For a second year in a row, the number of wells decommissioned in the UK North Sea outnumbered the wells drilled to find and develop fields, according to the 2019 Business Outlookfrom Oil & Gas UK.

Despite this tilt toward plugging and abandoning older wells, production gains this year are again likely to be near 4%.

One reason decommissioning looms so large is that only eight exploration wells were drilled in 2018—the first year with less than 10 since 1965, when commercial volumes of oil were first discovered in the UK North Sea.

But this small investment yielded big returns—nearly 500 million BOE discovered, based on preliminary estimates of four discovery wells, according to the outlook.

The outlook in the UK is a case study of the squeeze facing exploration and production in other basins where operators are trying to pay to sustain production with discoveries, while plugging and abandoning old wells, all paid for by the lean cash flow due to low oil prices.

UK decommissioning spending is expected to peak in 2019 at $1.9 billion in 2019. It is on the leading edge of a rising global wave of decommissioning, according to a recent report by Rystad Energy,

“In 2013 and 2014, when oil prices where high, very few operators initiated plans to decommission older assets. Instead, they sought to maximize returns from their producing assets,” said Audun Martinsen, a Rystad Energy partner. After the oil price dropped in 2014, funding for projects to revive older fields disappeared.

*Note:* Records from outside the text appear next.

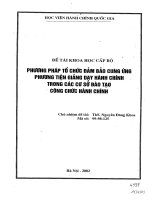 Phương pháp tổ chức đảm bảo cung ứng phương tiện giảng dạy hành chính trong các cơ sở đào tạo công chứ hành chính
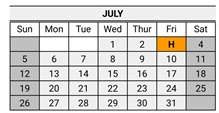District School Academic Calendar for Lange (dorothea) Elementary for July 2026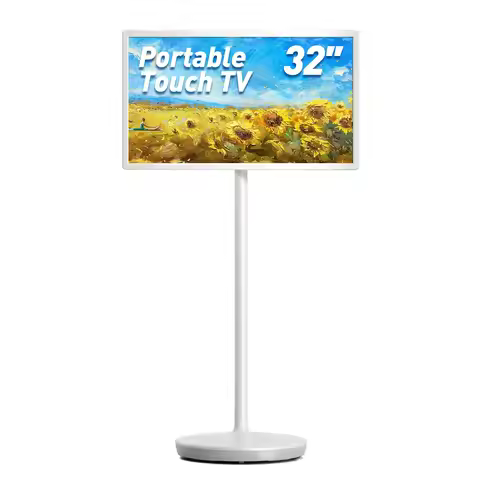 32 Inch Android 13 IPS Display Touch Screen Television Wifi Advertise Portable Monitor Rotate Built-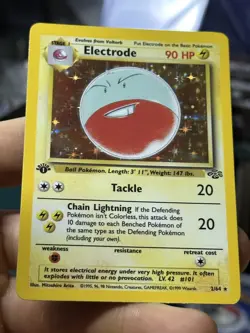 1st Edition Electrode 2/64 Jungle 1999 Holo Rare WOTC Pokemon Card TCG - Image 4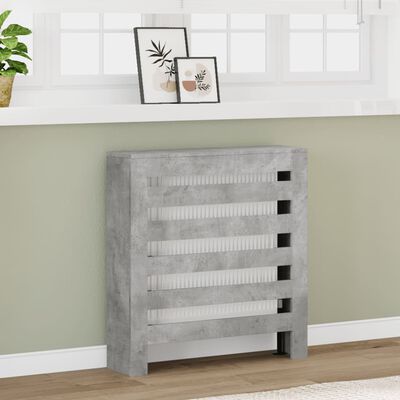 vidaXL Radiatordeksel betonggrå 78x20x82 cm konstruert tre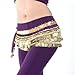 BellyLady Multi-Row Gold Coins Belly Dance Wrap & Hip Scarf, Belly Dancing Skirt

“Although oil prices have recovered to more sustainable levels, the elusive $100/bbl still seems like a distant dream for most operators. As a result, numerous operators have begun realizing their obligations to decommission elderly, uncompetitive assets,” he said.

While other regions are looking ahead to shutting down a growing number of wells, the UK is trying to limit the cost, which is crowding out spending on finding and producing new fields. The industry is focusing on extending the life of older fields, and limiting the cost when wells must be decommissioned.

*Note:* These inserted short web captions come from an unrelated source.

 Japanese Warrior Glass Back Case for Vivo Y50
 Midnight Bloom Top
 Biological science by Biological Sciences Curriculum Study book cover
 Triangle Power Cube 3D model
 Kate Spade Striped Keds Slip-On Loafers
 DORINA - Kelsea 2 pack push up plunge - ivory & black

As a result, the outlook predicts the annual cost will drop to an average $1.5 billion through 2027. The study estimates that improving methods are reducing decommissioning costs, with a 7% decrease from 2017 to 2018. It reports the government is considering how to establish the UK as a “center of decommissioning expertise” to further the expertise it has developed at a time when global demand for these skills is likely to grow.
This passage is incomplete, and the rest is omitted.